Longlisted for the Booker Prize 2023. Siân Hughes contemplates both the power and the fragility of the human mind in her haunting debut novel, which was inspired by the medieval poem of the same name
Marianne is eight years old when her mother goes missing. Left behind with her baby brother and grieving father in a ramshackle house on the edge of a small village, she clings to the fragmented memories of her mother’s love; the smell of fresh herbs, the games they played, and the songs and stories of her childhood.
As time passes, Marianne struggles to adjust, fixated on her mother’s disappearance and the secrets she’s sure her father is keeping from her. Discovering a medieval poem called Pearl - and trusting in its promise of consolation - Marianne sets out to make a visual illustration of it, a task that she returns to over and over but somehow never manages to complete.
Tormented by an unmarked gravestone in an abandoned chapel and the tidal pull of the river, her childhood home begins to crumble as the past leads her down a path of self-destruction. But can art heal Marianne? And will her own future as a mother help her find peace?

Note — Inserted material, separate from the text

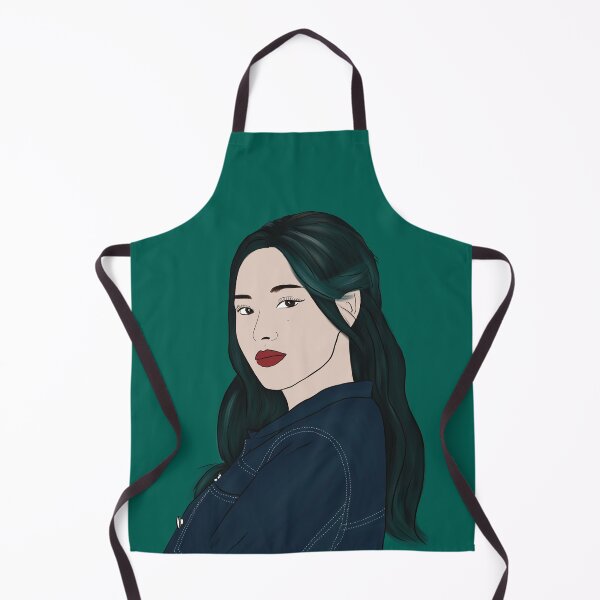 Item preview, HyeJu / Son Hye-ju (Loossemble) K-pop artist digital illustration art designed and sold by Eclectic-aww.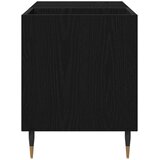  Ormar za ploče Crni hrast 85 x 38 x 48 cm Konstruirano drvo | shoptok.hr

Pearl, an exceptional debut novel, is both a mystery story and a meditation on grief, abandonment and consolation, evoking the profundities of the haunting medieval poem. The degree of difficulty in writing a book of this sort – at once quiet and hugely ambitious – is very high. It’s a book that will be passed from hand to hand for a long time to come— The Booker Prize 2023 judges
Okay, well this is embarrassing. I first invented the characters as a teenager, then I became obsessed with the Medieval poem ‘Pearl’ and with trying to write about the death by drowning of a good friend. I wrote the entire book in long-hand first. Or the first version. I have written more versions – all totally different with different narrators and with timelines varying from 24 hours to 32 years – than I am going to admit. All I can say is, I don’t exactly recommend this method of lifelong obsession, but this was the project that would not leave me alone. I felt it was mine, somehow, that it belonged where I belonged, and that my relationship with it defined me as a person.
I don’t have a desk, let alone a room. I wrote most of the book sitting up in bed with my young son asleep on the other half of the mattress, keeping the light on low so as not to wake him and staying up so late I was absolutely useless in the morning.
For as long as I have tried to write this book it has been a response to the poem, ‘Pearl’, so much that I cannot remember how the two first became entangled. I love the poem. It might be the most perfectly complex and yet emotionally direct and simple poem every written. I realised that my story and the story of ‘Pearl’ both had a parent and child separated by a river of death and trying to communicate with each other, and that although the poem promises consolation in the form of religious teaching, the narrator does not feel consoled, in fact he remains despairing. What fascinated me about the poem was this interplay between raw emotion and the cage of intricate stanzas in which it is expressed.
I suppose in retrospect I could say that writing the book kept me sane, but at the time it didn’t feel that way. Perhaps even the opposite. I suspect that if a writer understood how their writing was processing parts of their own lives, they would lose interest in it pretty quickly. It only makes sense in that way later. Much later.